La sua arte è fondamentalmente drammaturgica, piena di energia, di suggestioni espressioniste e surrealiste, di contaminazioni metaforiche e grottesche: al centro vi è sempre l’uomo e i suoi sentimenti, ripresi dai miti e dalle storie del mondo, restituiti all’osservatore in prospettive inconsuete ed estranee a ogni ottica tradizionale. Pittura e teatro in lui si completano a vicenda ed esprimono una vitalità irrefrenabile, che assume forme di perenne metamorfosi e cromatismi gioiosi e contrastanti, fiabeschi e stidenti.

Teatrante per vocazione, porta sul palco nel 2011 al Teatro San Sisto di Colognola uno spettacolo coraggioso di straordinaria autoironia, “L’Oltre”, uno show pieno di contaminazioni tra musica, recitazione, pittura, scultura, con il coinvolgimento di attori e ballerini, con musica e regia scritte da lui stesso per l’occasione. Quasi la summa di una vita nelle forme aggiornate della commedia dell’arte.

Per lui creare significa ogni volta sperimentare. Le sue tecniche miste sono ‘miste’ nel senso più ampio del termine: tempera, collage, china, gessetti, penne, pastelli, oli, su materiali poveri come canovacci e stoffe, compensato, cartone, legno, polistirolo. Quasi non c’è differenza, nella sostanza, tra bidimensione e tridimensione. Le sue creazioni fanno pensare alle botteghe dei pupari che affrontano con ogni mezzo tutti gli aspetti della messa in scena, a partire dall’esecuzione dei fondali al costume agli effetti di luce alla rappresentazione finale. Tra i suoi cicli più emblematici una Via Crucis allestita a Palazzo Belli a Grassobbio nel gennaio del 2000, con silhouette dipinte mutilate e distorte, espressione di una pittura lacerante ove “pietas, amor et dolor – ci aveva illustrato – si fondono inscindibili nel vissuto umano sconvolto dalle oppressioni e dal dramma”.

Infaticabile animatore culturale, attento alla cultura alta e a quella popolare, membro di varie associazioni e circoli d’ambito storico e artistico, tra cui “Alle Radici della Comunità” e “Il Polline”, ha contribuito alla realizzazione di molti eventi nel comune in cui risiedeva, Grassobbio, specialmente a serate in chiave musicale quali manifestazioni canore e recital a Palazzo Belli.
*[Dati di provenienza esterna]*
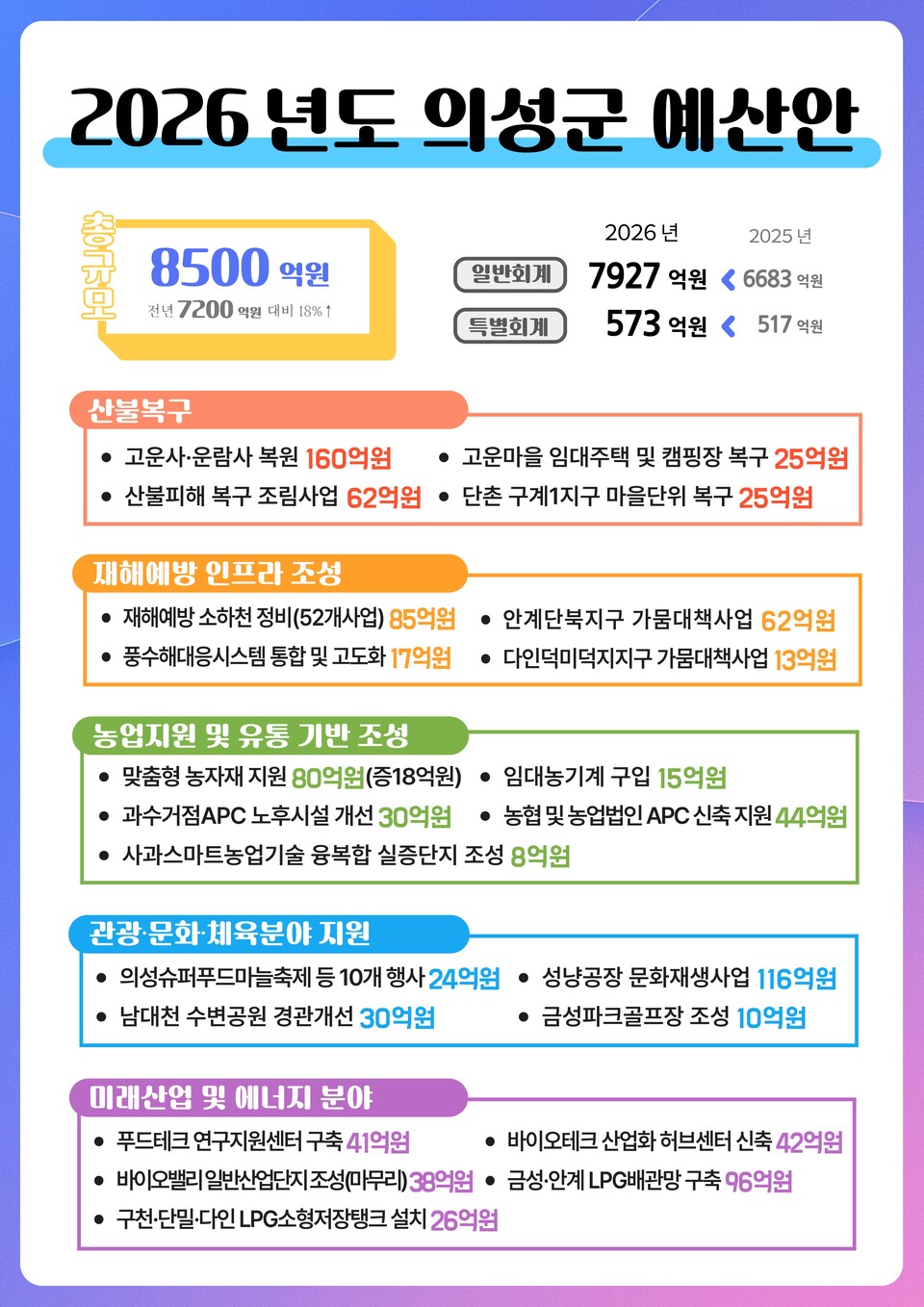 의성군은 2026년도 본예산안을 역대 최대 규모인 8,500억 원으로 편성 .사진=의성군 제공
A qualsiasi iniziativa partecipasse in veste di autore o coordinatore Pietro Mosca portava una ventata di espressività unica nel suo genere. La sua estrosa esuberanza, spesso incompresa dai bergamaschi, a volte mal digerita presso i campioni dell’asettica scena contemporanea dell’arte, aveva un che di ingenuo e di autentico, che ci restituisce oggi la memoria di un uomo affabile, sinceramente votato ai valori della cultura, dell’arte e dell’amicizia. Una personalità che non si può in alcun modo chiudere nei limiti di una restrittiva definizione.

Di sè diceva “Amo la cultura a trecentosessanta gradi e mi piace cimentarmi in campi sempre nuovi”. La sua vitalità inesausta nelle cose dell’arte e dell’esistenza resta indelebile nel ricordo di quanti a Bergamo hanno frequentato la scena delle arti visive nell’ultimo mezzo secolo.